How to Decide Which Data Protection Authority to Contact

How to Decide Which Data Protection Authority to Contact

If you operate solely out of one of the member states it will be obvious which DPA you should contact as you simply select the DPA for that member state. For example, if your company is located in Portugal and you only process the data of portugese citizens, your DPA would be the CNPD.

But what if you serve customers in several member states or have a physical presence in several member states? How do you know which DPA to contact?

This is where the 'one-stop shop mechanism' comes in. This mechanism was created to enable businesses who serve several member states to find their Lead Supervisory Authority. This means the company will only deal with one DPA as opposed to dealing with several DPAs across multiple member states.

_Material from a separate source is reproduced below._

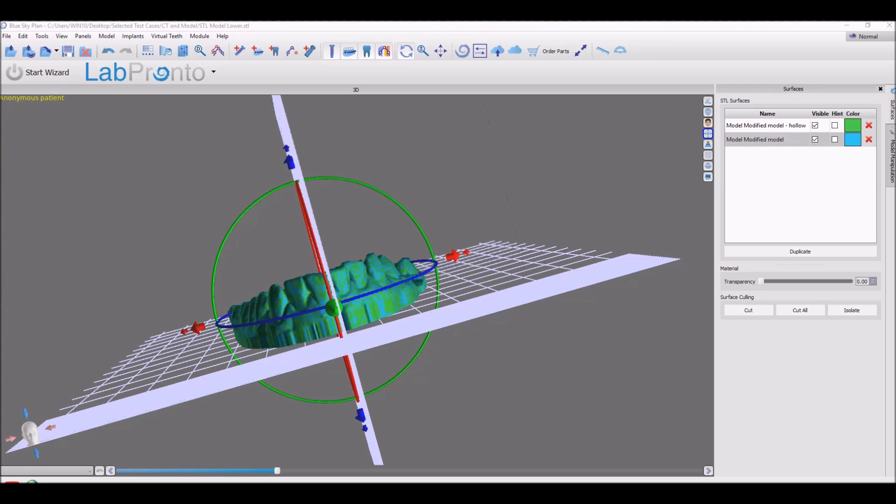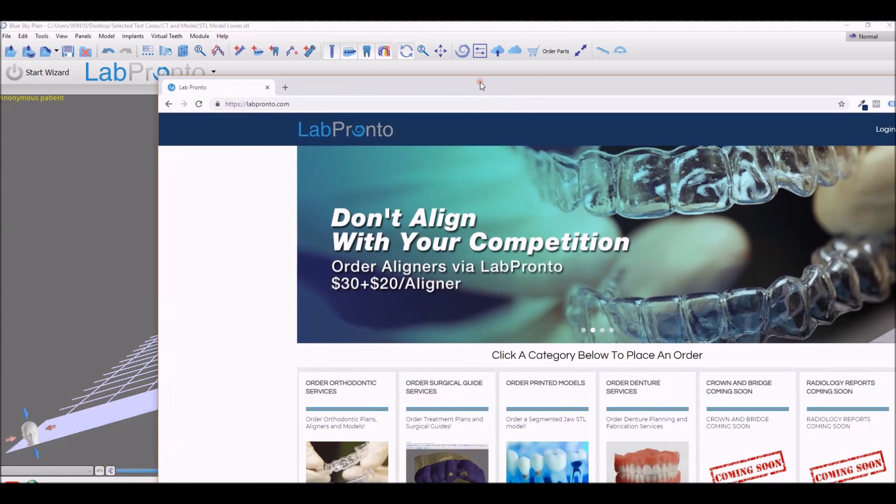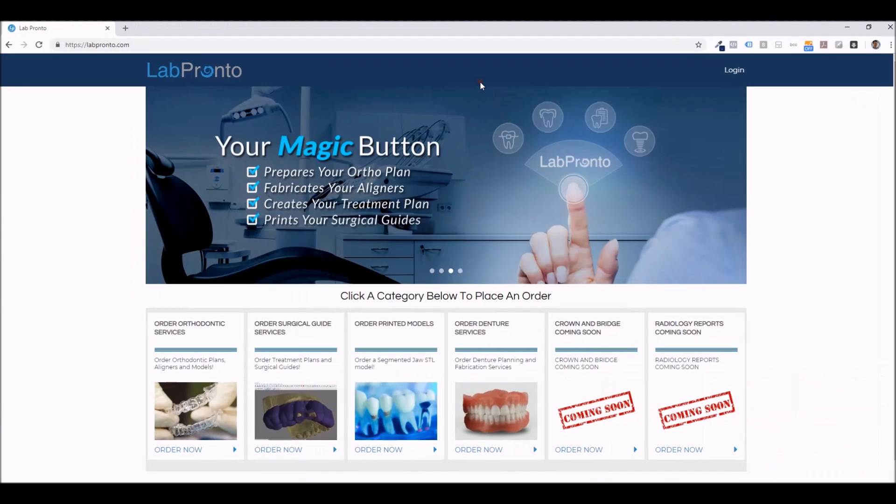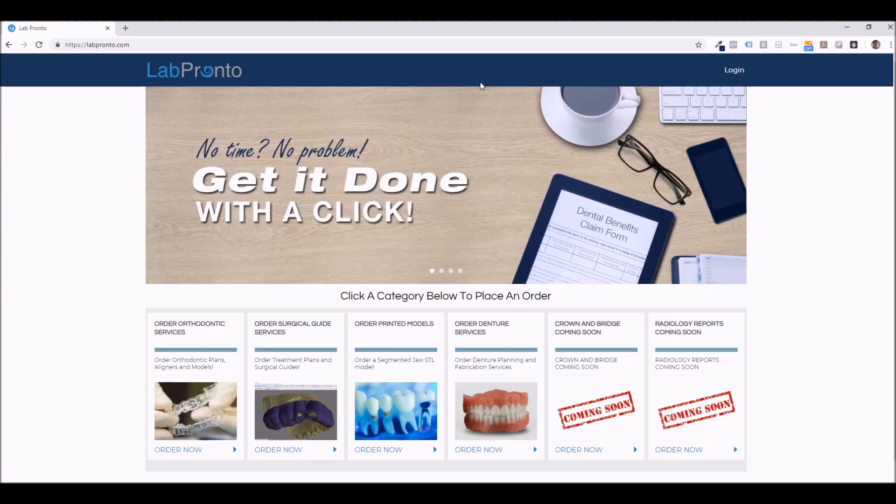Before we do that, I'd just like to mention Lab Pronto. We have the order button in the top left of the software. Orders can also be placed via labpronto.com. If you have enough time where you're not interested in planning your own cases or creating your own surgical guide or aligners or dentures, you can order with a click. You can think of it as the Uber for dental lab work.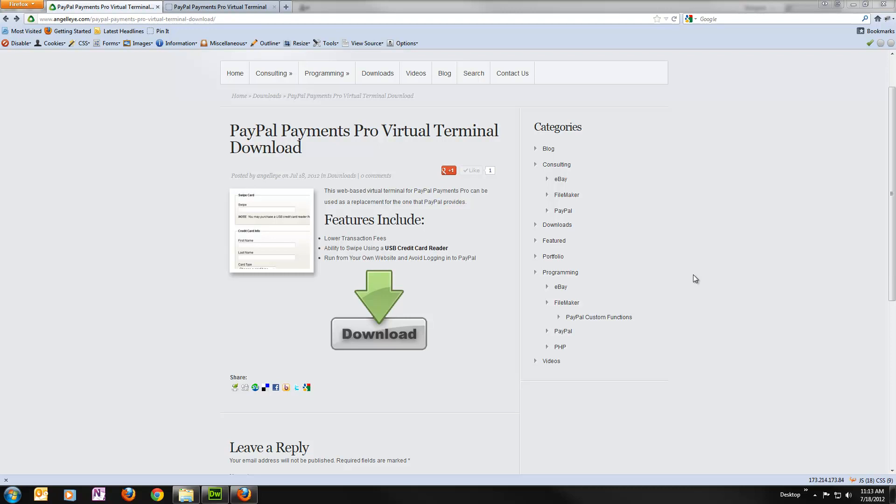I just want to review this PayPal Payments Pro virtual terminal with you a little bit. It's a simple PHP script, so you're going to download this, upload it to your web server, fill in a config file, and you're ready to go. So I'm going to walk you through that right now.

The main DPA will be selected based on which DPA is operating in the company's 'main establishment,' which will usually be wherever the companies 'central administration' is located.

For example, if a company operates across the UK, France and Germany, but its Head Office is located in London, the 'Lead Supervisory Authority' would be the UK's DPA, the ICO.

The term 'central administration' is interpreted slightly differently depending on whether your company is a data controller or a data processor.

If you are a data controller, your place of 'central administration' will be decided based on where key decisions about data processing are made. With regard to data processors, the term 'central administration' is "the place where the main processing activities take place."

Summary

DPAs are independent bodies which exist to ensure that companies are complying with data protection laws. Each member state has a DPA.

In addition, DPAs are able to offer guidance about data protection law to governments, organizations and to members of the public.

They have several powers, such as the power to investigate, to correct, to advise and to authorize. DPAs are able to issue substantial fines to companies who fail to comply with national data protection law.

As a data controller or data processor, it's important to understand your relationship with DPAs. You should understand why you may need to contact a DPA. For example, to report a breach.

Additionally, you should understand why a DPA may contact you. For example, to advise you that a complaint has been made against your organization concerning data protection.

It's important to know which DPA to contact and this may not be straightforward if your company operates across several member states. A company's main DPA will usually be selected based on where its 'main establishment' is located. The EU created a 'one-stop shop mechanism' to help organizations to select an appropriate DPA.